_What the task asks:_ Please find the line that holds "for sexy women" below and reproduce it, along with every line after it through the end, exactly and without pictures.

_Provided data:_
##############################

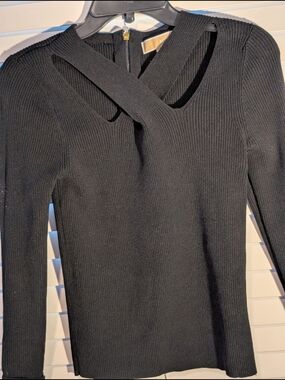Michael Kors Black Ribbed Crossover V-Neck Sweater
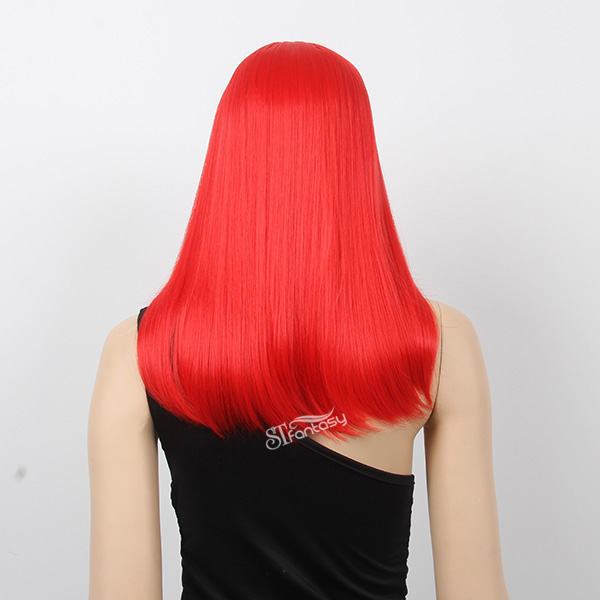 20" high temperature fiber red wig with inward facing curl for sexy women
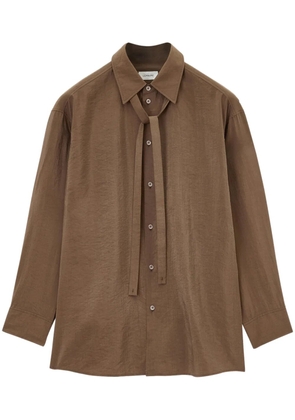 LEMAIRE tie fastening shirt - Brown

##############################

_Result of the task:_
 20" high temperature fiber red wig with inward facing curl for sexy women
 LEMAIRE tie fastening shirt - Brown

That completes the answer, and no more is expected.